What you should do. Only the lines below from the one containing "this 800×600 image." through the one containing "this 650×488 image." belong in the answer, repeated exactly and without pictures.

Extracted data.

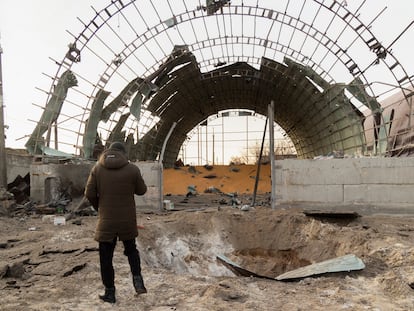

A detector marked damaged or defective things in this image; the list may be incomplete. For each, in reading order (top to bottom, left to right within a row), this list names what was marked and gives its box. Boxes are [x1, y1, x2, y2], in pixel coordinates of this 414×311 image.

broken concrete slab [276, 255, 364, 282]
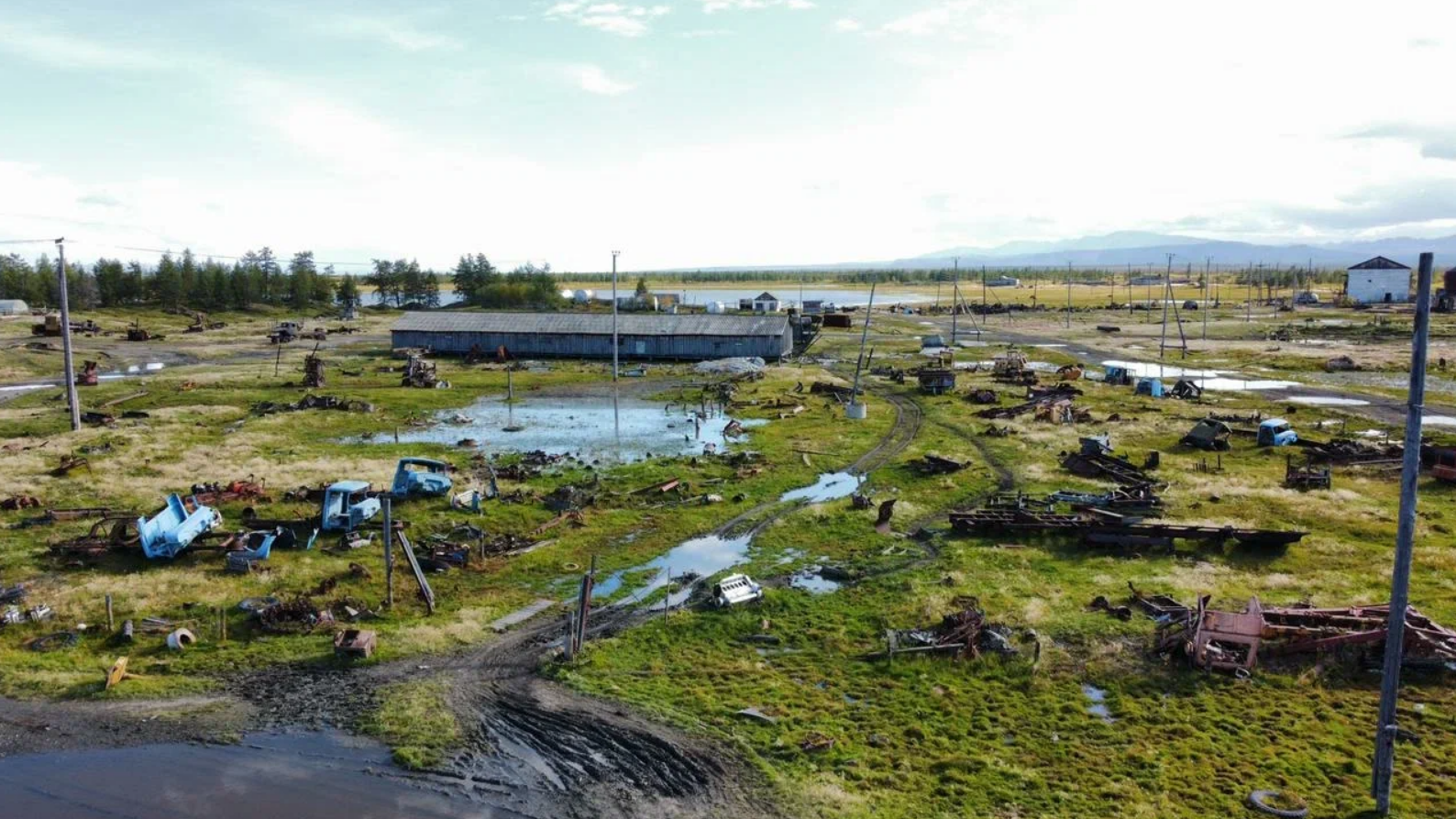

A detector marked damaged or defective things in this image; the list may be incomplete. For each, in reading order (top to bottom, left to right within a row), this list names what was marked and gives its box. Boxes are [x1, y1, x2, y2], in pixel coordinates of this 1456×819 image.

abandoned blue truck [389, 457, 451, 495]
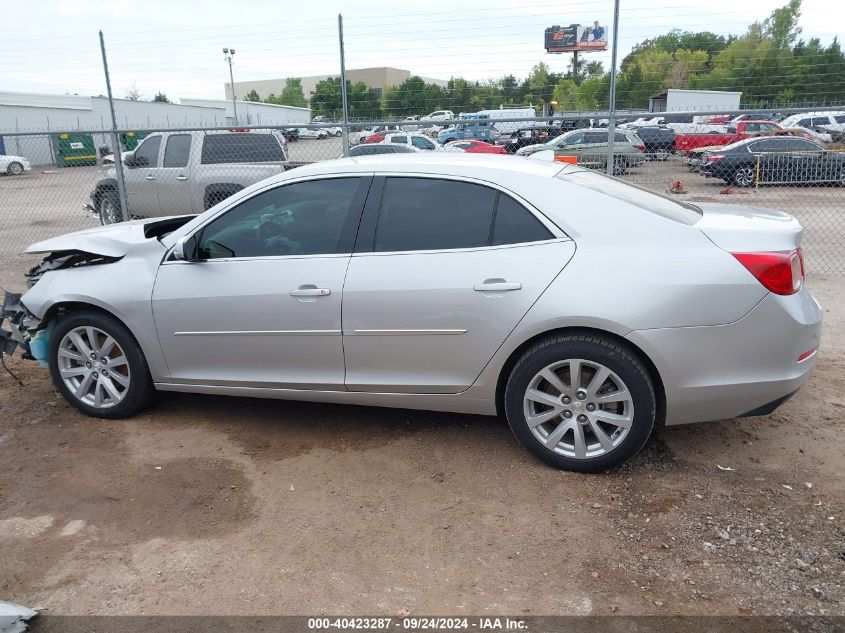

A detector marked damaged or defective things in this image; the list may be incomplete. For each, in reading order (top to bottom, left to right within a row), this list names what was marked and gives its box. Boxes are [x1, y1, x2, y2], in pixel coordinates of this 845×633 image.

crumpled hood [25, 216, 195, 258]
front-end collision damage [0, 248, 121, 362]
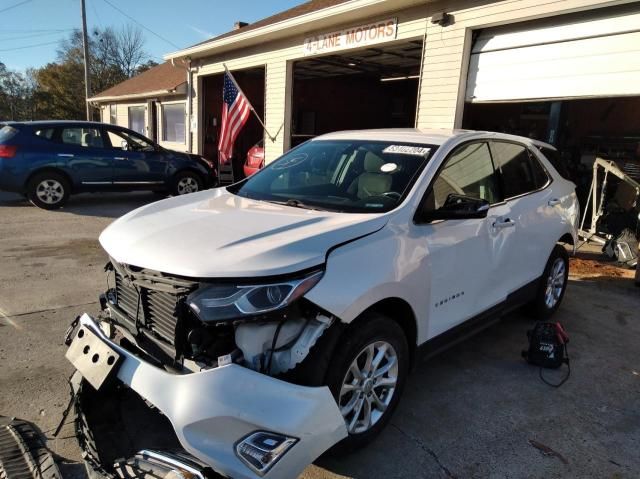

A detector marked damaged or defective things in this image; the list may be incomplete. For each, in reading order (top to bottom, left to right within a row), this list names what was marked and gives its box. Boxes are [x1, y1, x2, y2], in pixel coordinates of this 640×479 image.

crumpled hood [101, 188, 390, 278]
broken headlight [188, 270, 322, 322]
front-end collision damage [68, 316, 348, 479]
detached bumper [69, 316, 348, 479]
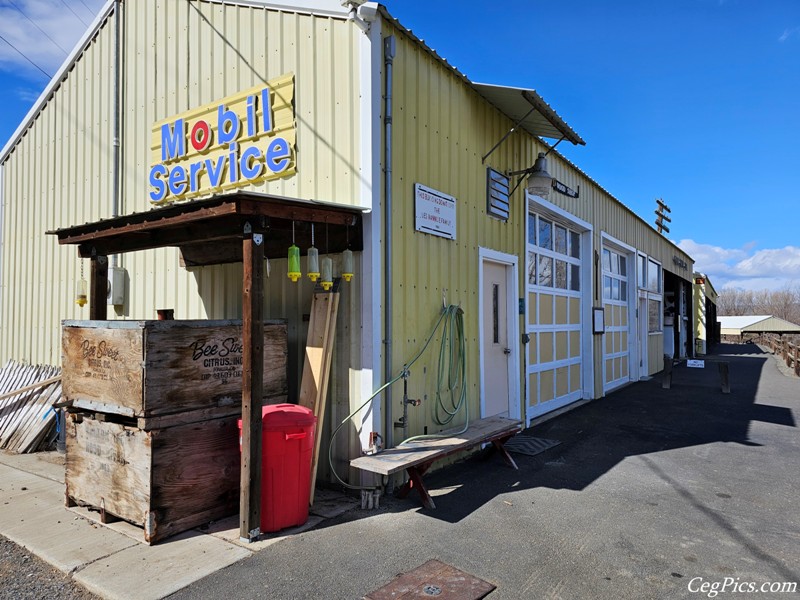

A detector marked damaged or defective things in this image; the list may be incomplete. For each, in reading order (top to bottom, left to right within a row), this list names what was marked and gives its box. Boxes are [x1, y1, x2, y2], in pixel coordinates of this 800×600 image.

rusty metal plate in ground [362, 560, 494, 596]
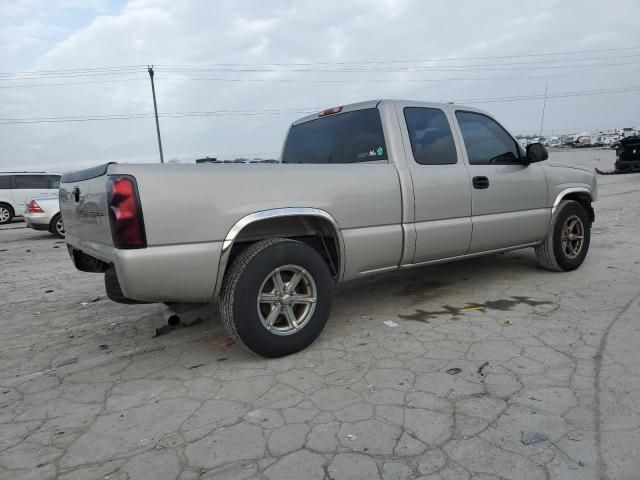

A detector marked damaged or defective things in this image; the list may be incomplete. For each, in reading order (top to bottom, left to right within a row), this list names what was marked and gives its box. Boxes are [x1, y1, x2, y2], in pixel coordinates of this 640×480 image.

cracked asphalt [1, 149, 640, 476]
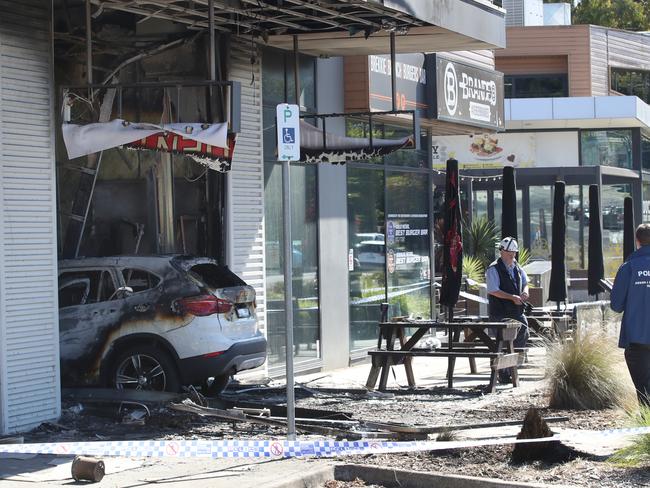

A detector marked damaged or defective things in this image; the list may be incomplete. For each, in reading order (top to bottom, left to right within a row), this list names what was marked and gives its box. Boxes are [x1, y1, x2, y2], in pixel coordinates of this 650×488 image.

---

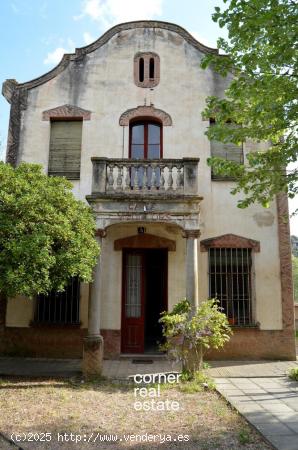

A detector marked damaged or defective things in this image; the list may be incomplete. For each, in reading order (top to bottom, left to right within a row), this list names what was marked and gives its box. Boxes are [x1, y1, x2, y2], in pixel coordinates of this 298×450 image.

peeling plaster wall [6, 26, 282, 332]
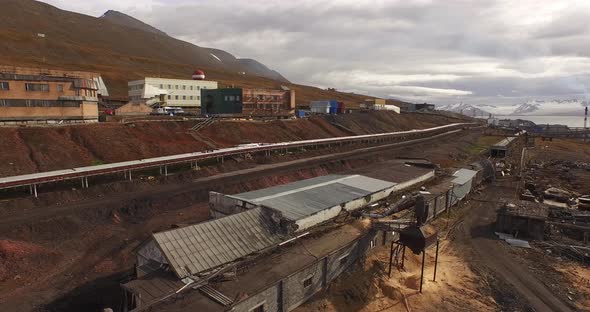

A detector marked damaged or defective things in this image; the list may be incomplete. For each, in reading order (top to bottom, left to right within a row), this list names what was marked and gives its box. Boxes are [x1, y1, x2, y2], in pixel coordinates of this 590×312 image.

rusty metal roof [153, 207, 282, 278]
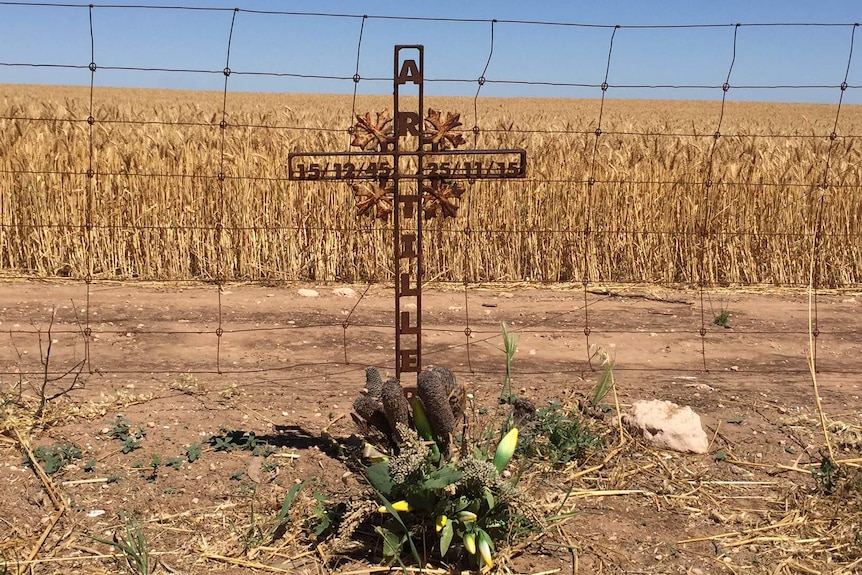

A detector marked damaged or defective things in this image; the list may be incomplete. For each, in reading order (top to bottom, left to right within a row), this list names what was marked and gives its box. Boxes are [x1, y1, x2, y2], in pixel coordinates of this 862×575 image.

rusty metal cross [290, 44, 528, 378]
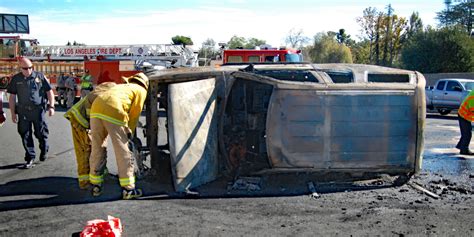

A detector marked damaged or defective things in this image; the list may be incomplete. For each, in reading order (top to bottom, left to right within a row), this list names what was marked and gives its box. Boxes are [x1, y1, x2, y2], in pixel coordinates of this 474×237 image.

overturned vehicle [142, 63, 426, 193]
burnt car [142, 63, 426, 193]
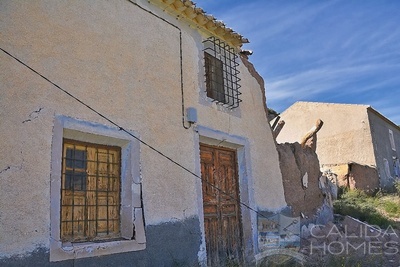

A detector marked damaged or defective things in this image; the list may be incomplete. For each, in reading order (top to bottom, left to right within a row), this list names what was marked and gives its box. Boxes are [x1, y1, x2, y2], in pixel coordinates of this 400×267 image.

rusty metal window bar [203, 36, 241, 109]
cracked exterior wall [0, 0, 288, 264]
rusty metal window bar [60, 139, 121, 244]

==

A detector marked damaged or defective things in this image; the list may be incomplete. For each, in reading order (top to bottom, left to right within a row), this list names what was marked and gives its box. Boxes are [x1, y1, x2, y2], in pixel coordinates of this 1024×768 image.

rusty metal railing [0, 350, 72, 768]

Answer section.
A detector marked damaged or defective things in this image; the list may be incomplete. For each, in reading order (top to bottom, left to right within a row), this list names what was marked and gives its box. Boxes are [x1, y1, x2, y2], in pixel coordinates of this 800×600 image.

rusty metal plate in ground [362, 560, 494, 596]

A detector marked damaged or defective things in this image; the list may be incomplete. For each, in reading order (top to bottom, left to right within a row), this list names what was marked and gives its box. Boxes are [x1, y1, x2, y2], in pixel coordinates of this 640×480 image.

cracked asphalt [1, 149, 640, 476]

A detector marked damaged or defective things in this image; the list may be incomplete. For each, in reading order (top to bottom, left to right within a row), this list names what was marked and gives its box. Boxes are [x1, y1, x2, y2], in pixel coordinates of this 650×488 image.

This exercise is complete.